The best thing to do, would be not to write this but I’m not able to contain myself when some people just makes me want to express myself any way I can. The only way I know is in writing.
I had a stab at drawing comics & cartoons at one point in time when I was still in school but I already knew writing is my thing. Not that I think I’m any good, but I get by. And there are lots of stories unpublished from the times when I wrote fiction and not much else. Then I gave up on the fiction.
Except for a blog post or two.
Now I only spill my thoughts and feelings out. Here. This blog which I have kept going for 11 years next month. Without friends online it would never have started. Without friends online it would not have lasted this long.
So, I have to say that meeting new people online, wherever it happens, and how, is always inspiring the urge to write. Something. Anything.
However, my somewhat complicated communication skills make me doubt myself more often than not. The process of learning what comes naturally to most, is a challenge on a daily basis. Not going to dwell on that just now, though.
The reason I write this, is because I feel happy for the first time in a long time. Happy to have fun, happy to chat, happy to make jokes and play the clown or fool or court jester or whatever.
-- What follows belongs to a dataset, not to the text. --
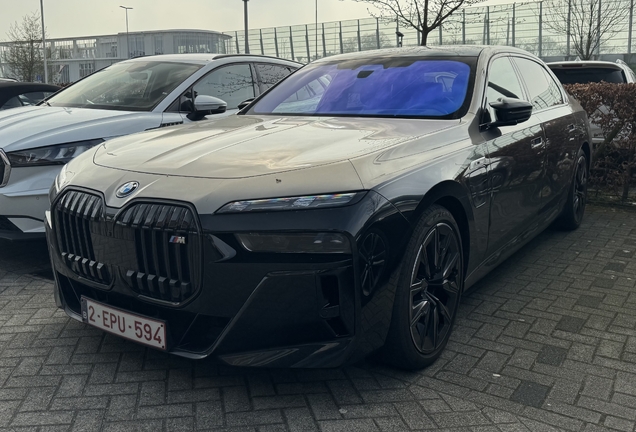 BMW M760e xDrive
Happy to be me. Happy to be alive.
Maybe it has to do with Spring coming around, the Sun being back. The warm weather. The light.
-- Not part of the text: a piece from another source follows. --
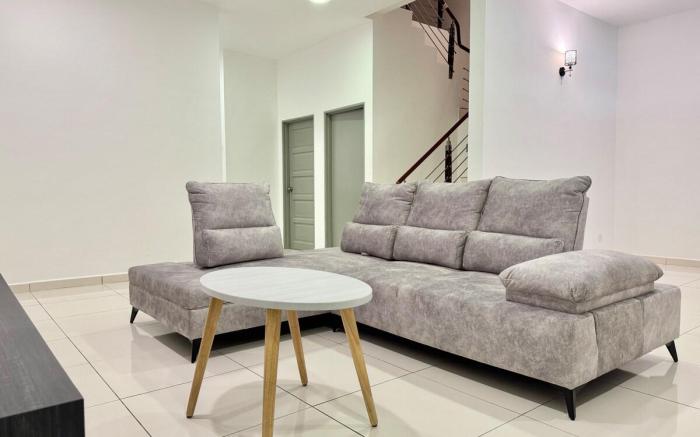 A Pleasant 4BR Home IV - 5 mins to shops and mall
Whatever, in this case I know it to be all because of one individual. She’s a gem. At least that’s how I see it. Most likely because I feel good seeing it that way. It brings the joy of being alive back. Not when I expected it. But probably when I needed it. Anyway, I’m simply grateful for it happening.
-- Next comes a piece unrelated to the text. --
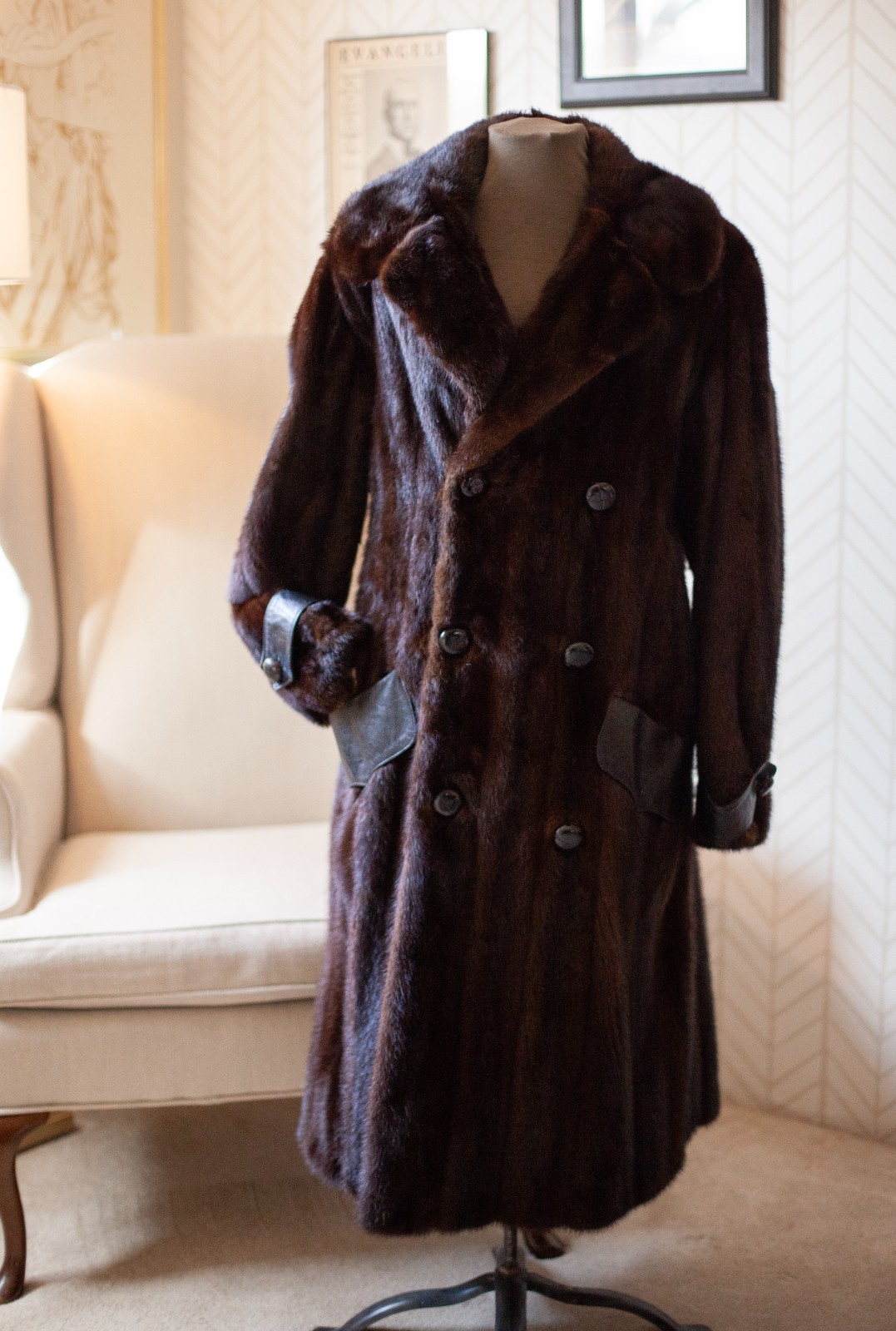 Vintage 70s Brown Mink Fur Calf-Length Retro Coat w/ Leather Accents Wide Collar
Now I should take a chill pill and go to sleep. Due to my past, that course of action is the only sensible one. Readers of my blog will know that I have managed to go overboard on several occasions with disasters as a result.
Not this time. This time, I play my part and keep myself under wraps. Better for me, better for everyone.
So many words, so little meaning. Sorry, at least I’m being honest. I’m complicated. Only my own fault.
One friend used to tell me to not bash myself into the ground. Not only one but two friends told me that. I should not think less of myself. So now I try but I can’t say I don’t struggle with it all the time. So easy to fall into it. To feel like I’m of no use just because I stumble on the road of life, now and then.
What’s my point? No idea, but thanks for reading.